TULSA, Okla. — "This is weird. It's a weird idea; I've never seen anyone do that before, and why would people even do that?"
Jamie Sweeney is talking about the prayer box she put in front of her Tulsa home. It was the start of the pandemic when everyone was on lockdown. Jamie says the man above gave her the idea.
"You should go and put a box in your front yard, very visible," Sweeney said. "And ask people how you can pray for them."
Praying comes naturally for Sweeney. She's on staff at a local church and travels the world doing missions. And as she sometimes does, Sweeney said she ignored God's message for a few weeks.
"As I often do," Sweeney said. "I started arguing with him about it. We live in the back of a cul-de-sac, we get no pass-by traffic; this wouldn't work. Like, He doesn't know where we live, right?"
It turns out Sweeney said God was right. It did work.
Since the pandemic prevented her from traveling to others to pray with them, her prayer box brought people to her.

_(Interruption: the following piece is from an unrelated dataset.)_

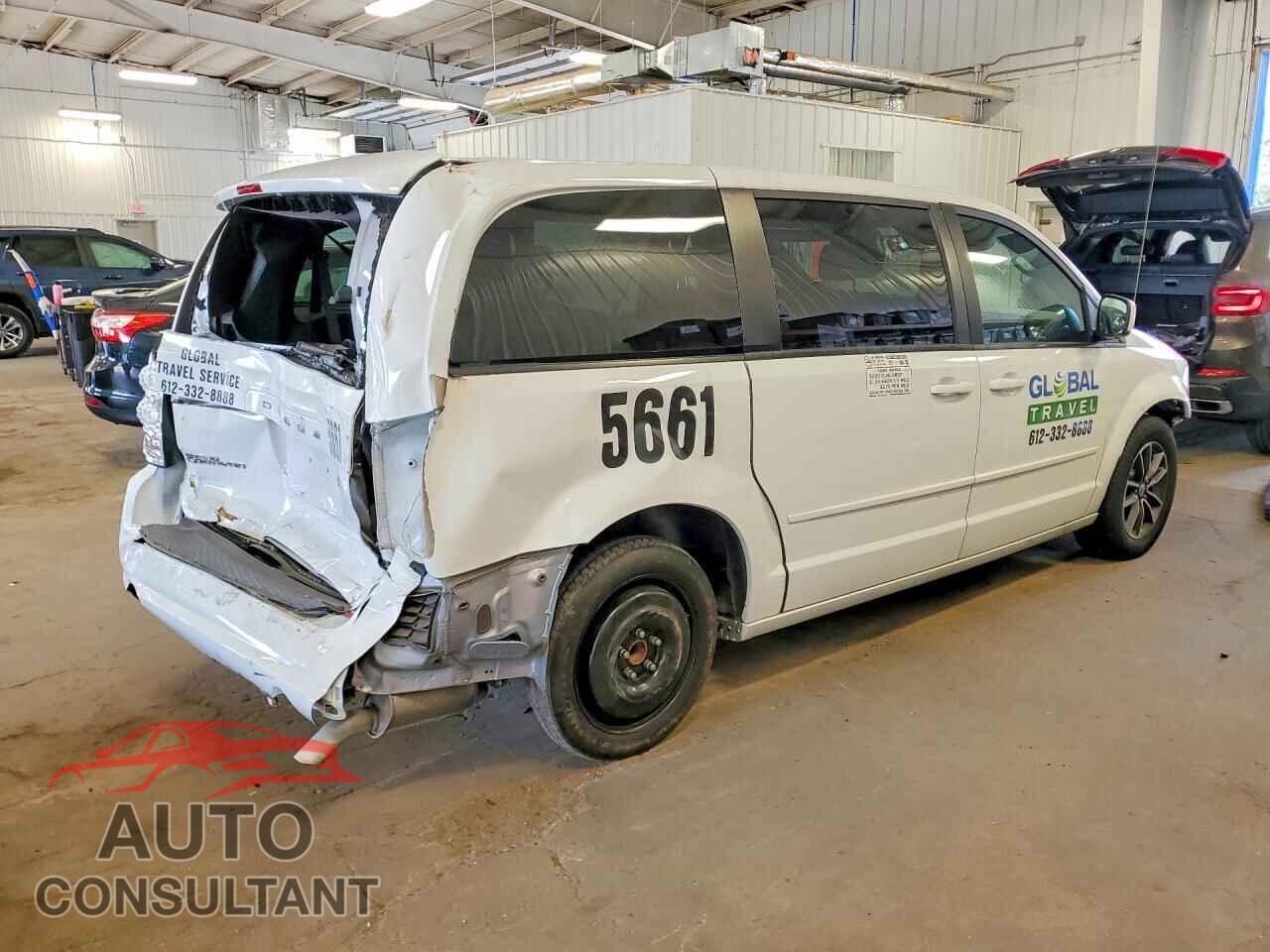 DODGE CARAVAN 2017 - 2C4RDGEG5HR767046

"I think it was the prime time to start something like this, and of course, He knows better than I do," she said. "So the timing was perfect."
Sweeney said a few weeks went by with no response.

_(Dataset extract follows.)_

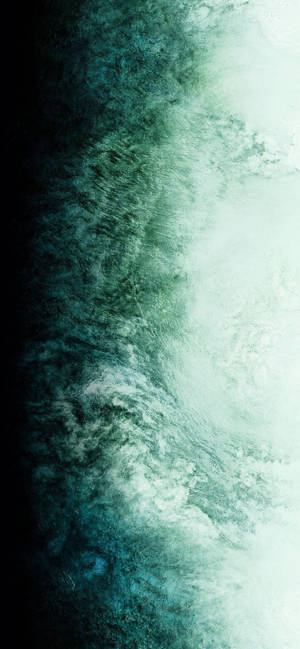 iPhone 11 røgfyldt hvid midnatsgrøn wallpaper. — iPhone 11 Pro Max Wallpapers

"Every day, my new puppy and I would come out and check the box," she said. "Nothing."
But one day, Sweeney saw a slip of paper placed inside.
"I immediately burst into tears of joy."
Now, she gets prayer requests from all walks of life.
"They'll just park their car right in the middle of the cul-de-sac," she said. "They'll be sitting on the curb, writing furiously, wiping tears from their face, and I start praying for them right then."
Sweeney treasures every prayer request and continually prays over them. She said most Tulsans want her to pray for their family.
"(It's) either a health situation in their family or a relationship problem in their family."
Others asked her to pray for themselves or babies being born.
"We've had a few (requests) that someone is caught in a sin, and they ask us to pray for freedom," she said. "Those are heartbreaking."
Sweeney even receives updates. People return to the prayer box and write down the results.
"(They tell me) there's a healthy baby or a relationship is better," she said. "I love hearing the response and how that has come full circle."
All of this is done anonymously. Sweeney doesn't know any people, and they don't know who's praying for them.
"We don't plan to take it down anytime soon," she said. "We plan to leave it up, and if it blesses the neighborhood, then great because it's not about us."
Sweeney has a message for those in pain or struggling who can't make it to her prayer box:
"We're glad to do it, but I want to encourage people to pray themselves," she said. "If you don't know how to pray, just talk to him like he's your friend. Start there."